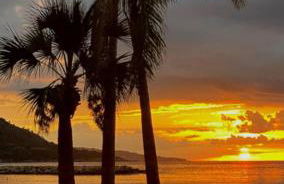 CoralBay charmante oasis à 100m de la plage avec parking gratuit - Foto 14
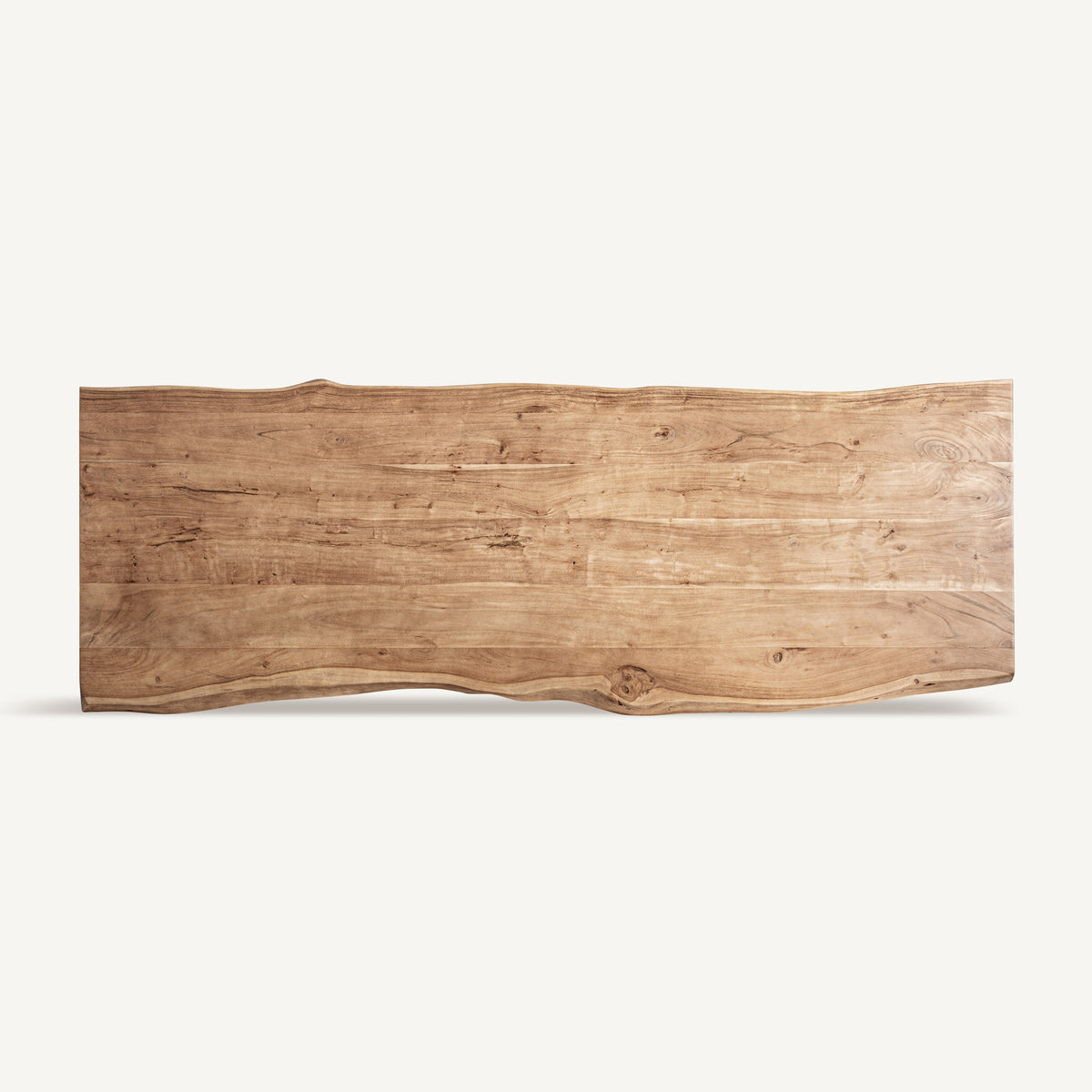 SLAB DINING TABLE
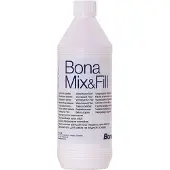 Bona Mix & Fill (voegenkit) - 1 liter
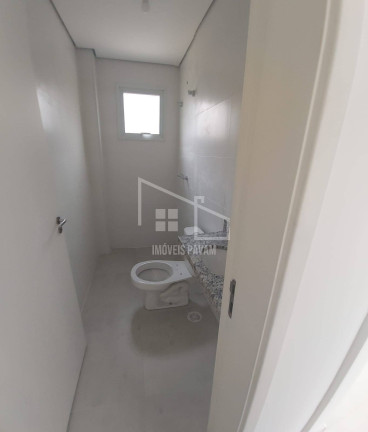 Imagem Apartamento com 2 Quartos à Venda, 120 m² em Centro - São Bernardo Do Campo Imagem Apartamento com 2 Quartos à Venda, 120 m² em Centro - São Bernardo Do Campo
::::::::
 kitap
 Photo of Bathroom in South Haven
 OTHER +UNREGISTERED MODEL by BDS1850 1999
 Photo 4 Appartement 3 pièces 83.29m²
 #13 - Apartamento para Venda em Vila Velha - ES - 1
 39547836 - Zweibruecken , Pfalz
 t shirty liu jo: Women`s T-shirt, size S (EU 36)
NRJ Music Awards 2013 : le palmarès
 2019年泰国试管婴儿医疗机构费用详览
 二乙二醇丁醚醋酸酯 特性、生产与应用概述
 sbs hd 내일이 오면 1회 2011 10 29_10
::::::::
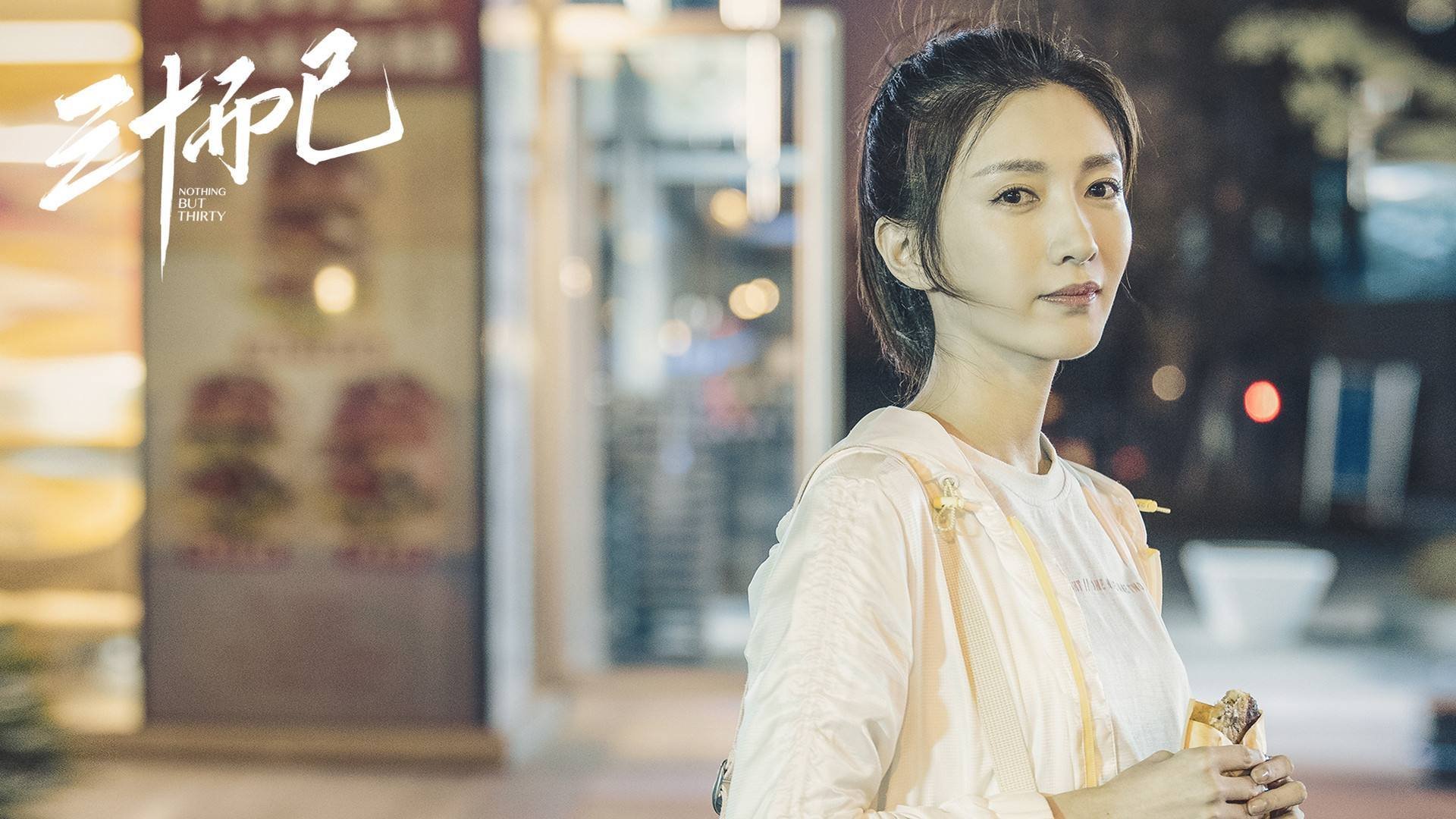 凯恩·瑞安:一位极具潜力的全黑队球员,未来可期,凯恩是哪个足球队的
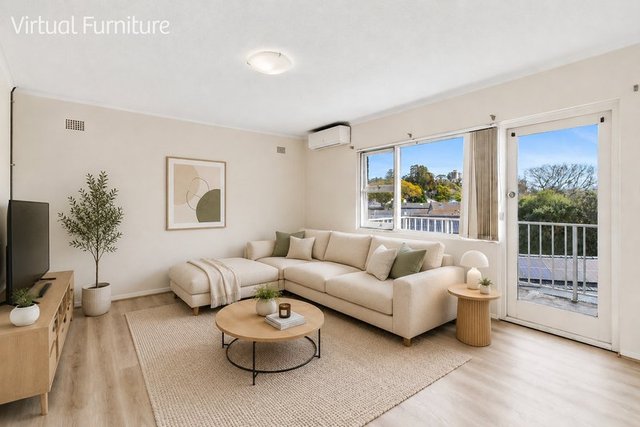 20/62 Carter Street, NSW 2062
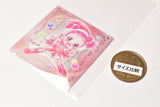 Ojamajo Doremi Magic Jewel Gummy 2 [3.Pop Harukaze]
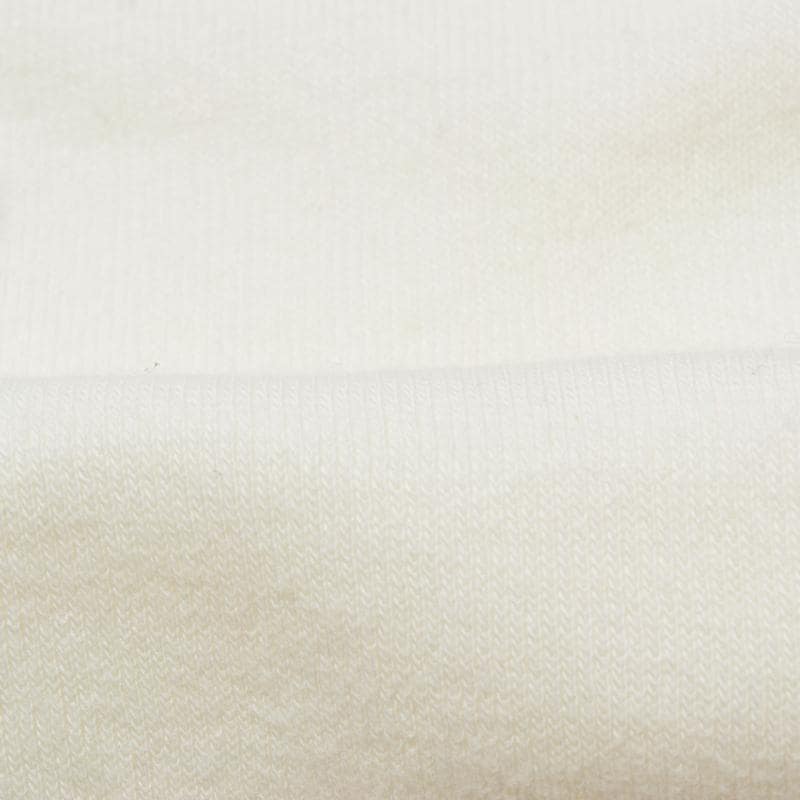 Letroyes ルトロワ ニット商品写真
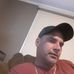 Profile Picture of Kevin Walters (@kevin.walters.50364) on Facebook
::::::::
Your goal ::
Take the material above and output only the lines from the one that contains "SLAB DINING TABLE" through the one that contains "Do Campo Imagem", ends included and images left out.

Answer to the problem ::
 SLAB DINING TABLE
 Bona Mix & Fill (voegenkit) - 1 liter
 Imagem Apartamento com 2 Quartos à Venda, 120 m² em Centro - São Bernardo Do Campo Imagem Apartamento com 2 Quartos à Venda, 120 m² em Centro - São Bernardo Do Campo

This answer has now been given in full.